English 182ca. Literature Under Capitalism

Instructor: Jesse McCarthy
Tuesday & Thursday, 10:30-11:45am | Location: TBD

Literature has been profoundly shaped by the advent of modern industrial capitalism. Since the Industrial Revolution, traditional social orders focused on local marketplaces have been supplanted by a global market society driven by an economy fueled by financial speculation. Perhaps not coincidentally, this same period witnessed the rise of the modern novel. The novel is therefore the perfect vehicle in which to examine ‘the way we live now,’ to borrow the famous title of Anthony Trollope’s novel inspired by the financial scandals of the 1870s. Can fiction help us to unveil the role of money in our lives? Its significance, how it shapes, corrupts, enhances, and deforms desire and ultimately how we understand the good life and what prevents or allows us to achieve it?
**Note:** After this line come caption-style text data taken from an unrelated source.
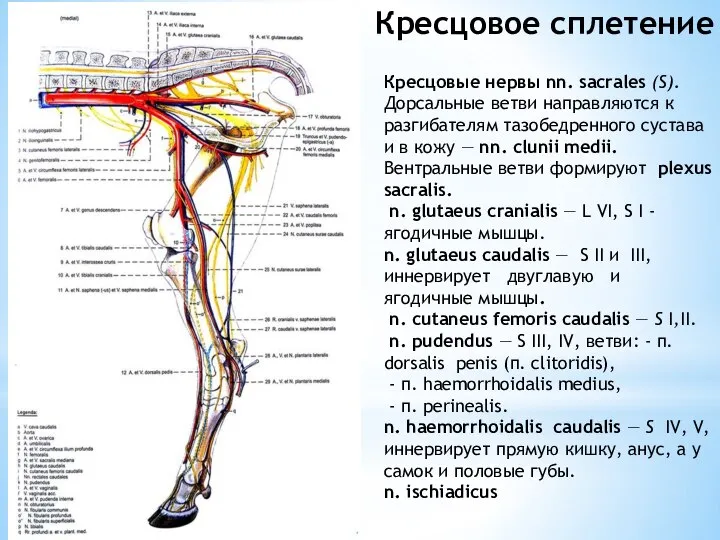 Кресцовое сплетение Кресцовые нервы nn. sacrales (S). Дорсальные ветви направляются к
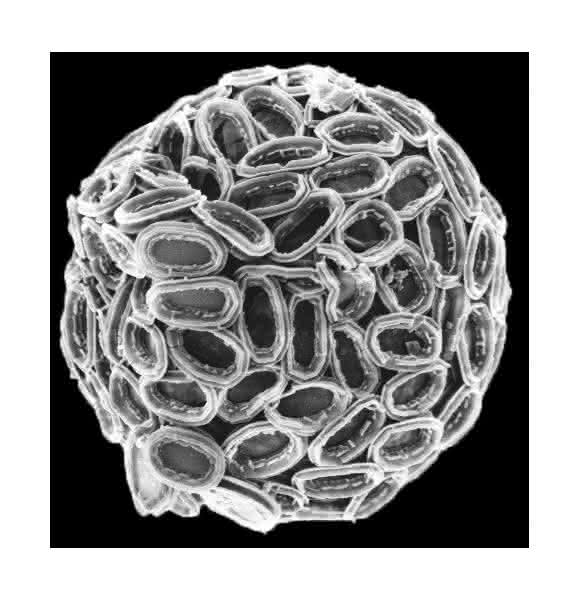 Ein Design wie vom Reißbrett: Kalkalgen wie Pleurochrysis carterae bilden Kalkschuppen mit einer filigranen Nanostruktur. Wesentliche Details, wie diese entsteht, hat nun ein Team um Forscher des Max-Planck-Instituts für molekulare Pflanzenphysiologie aufgeklärt. (© André Scheffel u. Damien Faivre / MPI für molekulare Pflanzenphysiologie)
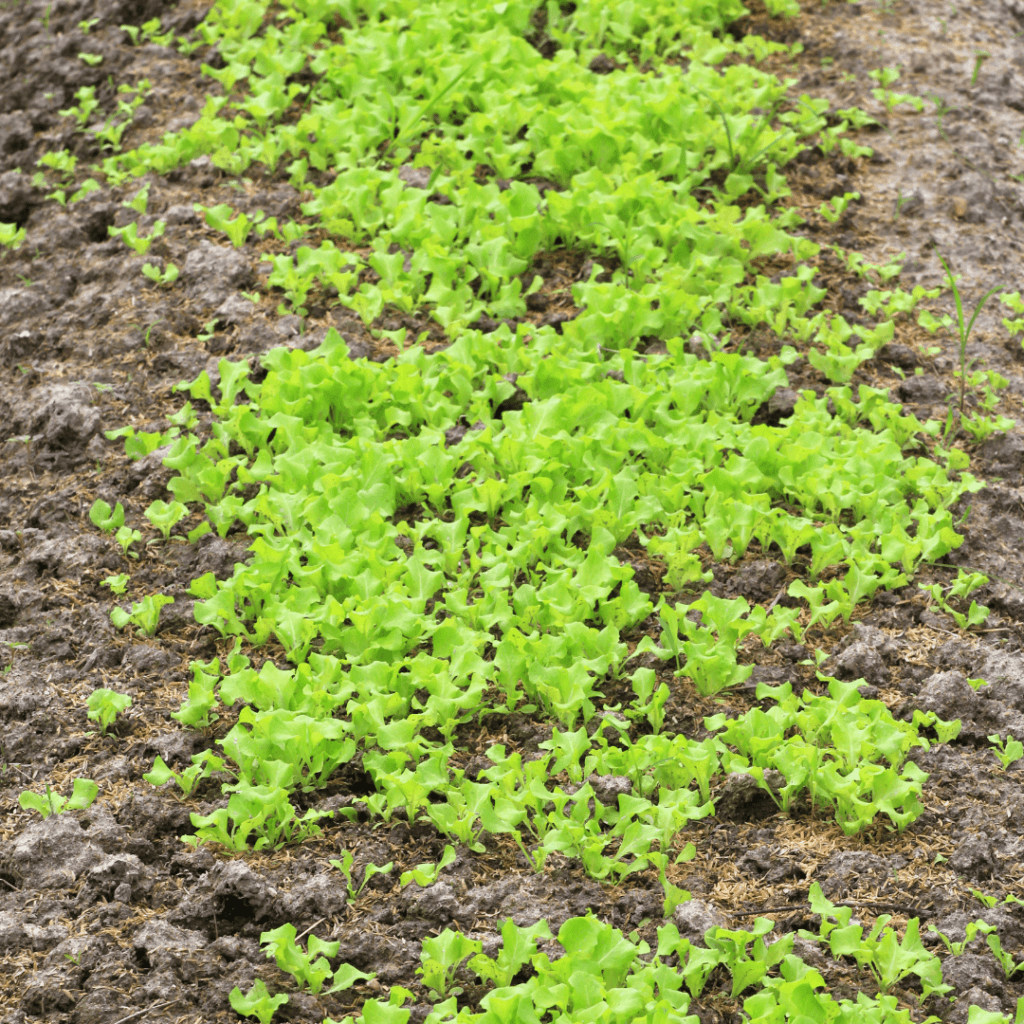 Lettuce growing out of the ground. Small growth.
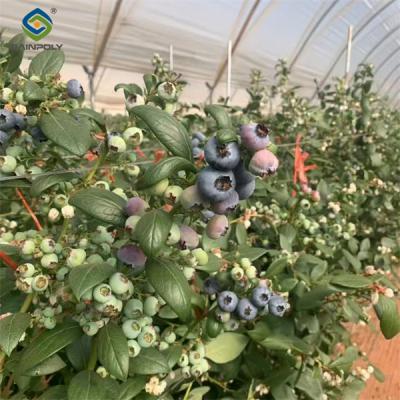 China Concrete Base Custom Blueberries Greenhouse With Irrigation Fertilizer System for sale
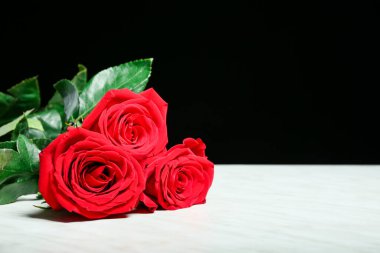 Siyah beyaz arka planda güzel güller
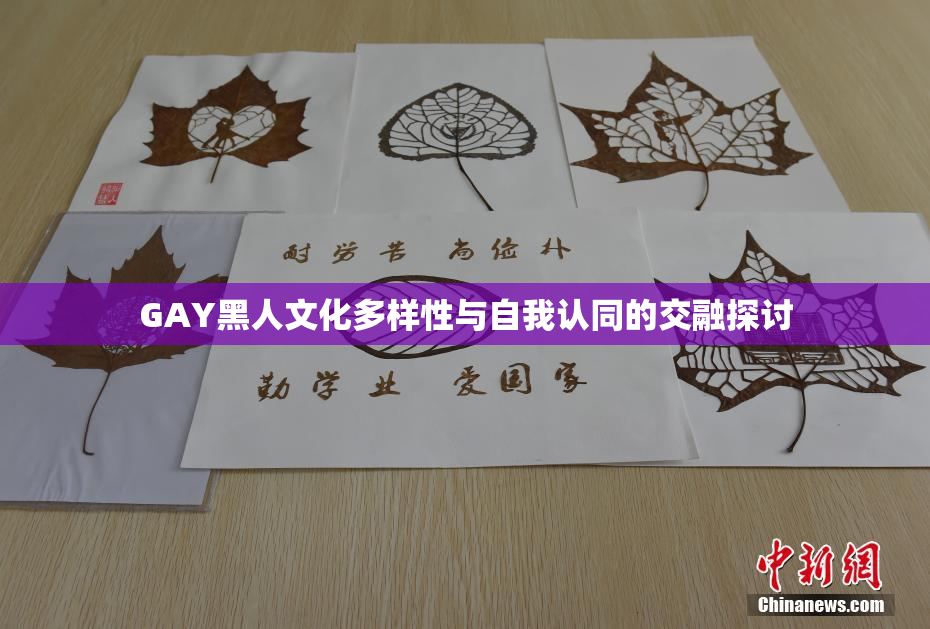 GAY黑人文化多样性与自我认同的交融探讨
Does art and literature suffer or flourish under a society dominated by bourgeois taste? How do we find meaning in a world of fluctuating values and transactional relations? How are age-old philosophical questions about freedom, love, labor, death, inequality, language, and art, reflected in our literature? In addition to reading classic texts by Adam Smith and Karl Marx about the nature and functioning of capitalism itself, we will read mainly novels and some non-fiction by authors such as Sally Rooney, Bret Easton Ellis, George Orwell, Daniel Defoe, Edith Wharton, Raven Leilani, Don DeLillo, Herman Melville, Martin Amis, Joan Didion, David Foster Wallace, Ed Park, and Jia Tolentino.